Jamais ma mère ne souffla mot à mon père. De fait, celui-ci n’en sut définitivement rien. Cette complicité innommable faisait que je me prenais pour le maître du monde. Pis, il m’arrivait de formuler des vœux que je ne souhaitais pas voir se réaliser uniquement pour m’entendre dire : " Oui ! Oui ! " Devenu adolescent, je pouvais ainsi m’échapper au cinéma de la ville voisine, sans que mon père n’eût eu l’occasion, en refusant naturellement, de conforter son ego. Il était absent à toute décision qui concernât mes jeux. Sa mort, toute symbolique bien entendu, était une seconde naissance pour moi. Celui qui n’était qu’un môme vulnérable apprit sa première leçon de la vie des adultes : le père était fait pour barrer la route à ses rêves d’enfant alors même que la mère les encourageait. Cette dernière, en dépit du bon sens et de la Morale que l’école m’asséna dans ma tendre jeunesse, taisait les fautes de son protégé si le châtiment que celles-ci appelaient devenait une intolérable néantisation de la vie.
Un jour que je voulus pousser loin mon zèle d’acrobate, je tombai du grenier tout d’une pièce. Ma mère, qui était occupée à séparer le grain de l’ivraie, me reçut sur ses genoux. Elle était là, à proximité.
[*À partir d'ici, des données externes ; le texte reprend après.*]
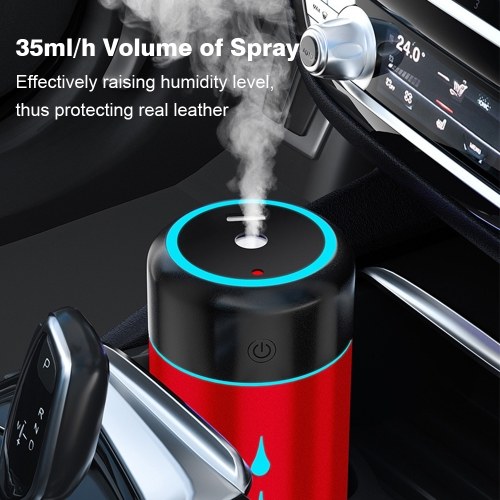 

Car Humidifier Air Humidifier USB Humidifier Two Spray Modes Portable Air Purifier Diffuser with Colorful LED Lights 285ml Water Tank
Elle se trouvait toujours au pied du grenier. On eût dit qu’elle attendait ce sinistre événement. Alors, par précaution, elle se tenait là " au cas où.. "
Alors, ma douleur me laissait le temps de sentir que j’étais moi-même devenu le grain à séparer de l’ivraie.

Je me souviens que ma chute fut mêlée au bruit du bois auquel je me cognais et aux cris effrayés de ma mère ; toute à sa peur. En l’espace d’un instant, je sentis que ma mère m’aimait plus que tout. Je la revois davantage préoccupée par la manière d’amortir le choc imminent que par le risque de me recevoir tout du long sur sa propre tête. Je l’entends encore crier : " Ah ! Mon dieu ! Bien fait ! Bien fait ! " Elle tentait de mettre ses mains, non pas en opposition au corps de son fils qui prenait du poids au fur et à mesure de cette descente vertigineuse, mais au contraire disposées de telle sorte qu’elles firent figure de berceau.